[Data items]
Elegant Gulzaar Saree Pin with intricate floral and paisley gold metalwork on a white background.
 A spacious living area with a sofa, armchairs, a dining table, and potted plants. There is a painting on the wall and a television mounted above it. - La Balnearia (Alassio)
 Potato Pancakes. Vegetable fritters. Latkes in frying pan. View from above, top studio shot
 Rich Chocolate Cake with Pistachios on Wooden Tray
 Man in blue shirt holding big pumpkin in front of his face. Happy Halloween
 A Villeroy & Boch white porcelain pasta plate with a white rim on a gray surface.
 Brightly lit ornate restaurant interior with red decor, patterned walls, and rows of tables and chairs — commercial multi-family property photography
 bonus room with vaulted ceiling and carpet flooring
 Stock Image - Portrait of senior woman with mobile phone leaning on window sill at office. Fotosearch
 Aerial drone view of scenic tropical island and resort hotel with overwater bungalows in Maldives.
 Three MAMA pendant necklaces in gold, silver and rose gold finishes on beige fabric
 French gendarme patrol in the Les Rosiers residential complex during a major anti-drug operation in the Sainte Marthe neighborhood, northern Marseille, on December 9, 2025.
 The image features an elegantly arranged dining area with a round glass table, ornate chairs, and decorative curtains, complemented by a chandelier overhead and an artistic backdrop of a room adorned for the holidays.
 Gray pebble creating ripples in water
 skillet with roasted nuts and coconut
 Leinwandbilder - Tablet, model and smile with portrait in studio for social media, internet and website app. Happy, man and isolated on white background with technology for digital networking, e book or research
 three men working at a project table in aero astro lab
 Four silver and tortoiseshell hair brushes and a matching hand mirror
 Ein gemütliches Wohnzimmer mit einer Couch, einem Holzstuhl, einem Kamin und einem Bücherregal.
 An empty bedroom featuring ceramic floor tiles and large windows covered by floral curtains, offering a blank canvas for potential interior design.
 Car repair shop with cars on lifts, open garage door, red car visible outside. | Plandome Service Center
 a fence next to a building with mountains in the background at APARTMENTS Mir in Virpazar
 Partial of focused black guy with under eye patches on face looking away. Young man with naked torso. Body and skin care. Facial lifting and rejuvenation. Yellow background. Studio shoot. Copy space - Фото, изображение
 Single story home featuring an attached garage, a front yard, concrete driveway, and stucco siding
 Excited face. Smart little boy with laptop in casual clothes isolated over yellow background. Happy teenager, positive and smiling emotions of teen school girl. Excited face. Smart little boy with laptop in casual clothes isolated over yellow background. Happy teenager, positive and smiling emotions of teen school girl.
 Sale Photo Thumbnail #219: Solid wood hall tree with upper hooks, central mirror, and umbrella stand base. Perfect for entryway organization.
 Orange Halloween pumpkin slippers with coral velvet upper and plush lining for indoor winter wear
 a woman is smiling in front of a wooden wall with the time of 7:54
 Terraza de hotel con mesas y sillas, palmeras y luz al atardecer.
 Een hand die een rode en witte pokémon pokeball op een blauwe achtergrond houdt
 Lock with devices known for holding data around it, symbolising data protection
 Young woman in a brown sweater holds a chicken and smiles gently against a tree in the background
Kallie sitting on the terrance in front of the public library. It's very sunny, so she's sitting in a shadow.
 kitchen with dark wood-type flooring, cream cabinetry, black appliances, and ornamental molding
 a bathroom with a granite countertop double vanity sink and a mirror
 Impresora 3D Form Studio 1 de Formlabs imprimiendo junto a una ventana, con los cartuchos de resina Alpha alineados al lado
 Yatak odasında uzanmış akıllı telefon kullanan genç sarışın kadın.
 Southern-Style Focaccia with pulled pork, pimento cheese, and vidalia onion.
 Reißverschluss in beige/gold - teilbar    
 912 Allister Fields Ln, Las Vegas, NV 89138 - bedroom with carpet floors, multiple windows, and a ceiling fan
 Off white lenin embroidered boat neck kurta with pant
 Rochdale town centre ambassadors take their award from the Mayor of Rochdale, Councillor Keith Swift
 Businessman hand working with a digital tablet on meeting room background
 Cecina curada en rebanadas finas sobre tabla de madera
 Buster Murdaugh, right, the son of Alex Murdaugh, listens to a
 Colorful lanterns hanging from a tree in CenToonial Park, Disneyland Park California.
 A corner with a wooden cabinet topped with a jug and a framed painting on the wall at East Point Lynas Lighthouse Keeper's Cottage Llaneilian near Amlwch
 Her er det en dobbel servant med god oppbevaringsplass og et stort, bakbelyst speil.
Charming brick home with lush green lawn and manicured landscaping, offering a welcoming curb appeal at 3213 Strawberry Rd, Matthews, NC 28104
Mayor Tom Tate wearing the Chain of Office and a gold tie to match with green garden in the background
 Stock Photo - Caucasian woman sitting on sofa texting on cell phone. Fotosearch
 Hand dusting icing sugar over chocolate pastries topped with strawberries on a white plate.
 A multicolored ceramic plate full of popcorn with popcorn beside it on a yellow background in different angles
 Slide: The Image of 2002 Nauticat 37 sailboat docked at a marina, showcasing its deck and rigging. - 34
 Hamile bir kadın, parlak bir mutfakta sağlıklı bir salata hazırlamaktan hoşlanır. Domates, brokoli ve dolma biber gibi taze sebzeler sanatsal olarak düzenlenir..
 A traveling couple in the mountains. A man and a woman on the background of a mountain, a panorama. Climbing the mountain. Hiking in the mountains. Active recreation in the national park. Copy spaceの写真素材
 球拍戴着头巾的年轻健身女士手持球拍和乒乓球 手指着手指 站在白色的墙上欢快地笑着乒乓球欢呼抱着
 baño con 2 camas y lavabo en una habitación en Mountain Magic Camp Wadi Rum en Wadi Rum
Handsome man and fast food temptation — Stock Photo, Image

#### [EXERCISE REQUIREMENTS]
In your answer, include only the lines above starting at the line that holds "Colorful lanterns hanging" and ending at the line that holds "A corner with", copied exactly.

#### [RESPONSE FOR THIS EXERCISE]
 Colorful lanterns hanging from a tree in CenToonial Park, Disneyland Park California.
 A corner with a wooden cabinet topped with a jug and a framed painting on the wall at East Point Lynas Lighthouse Keeper's Cottage Llaneilian near Amlwch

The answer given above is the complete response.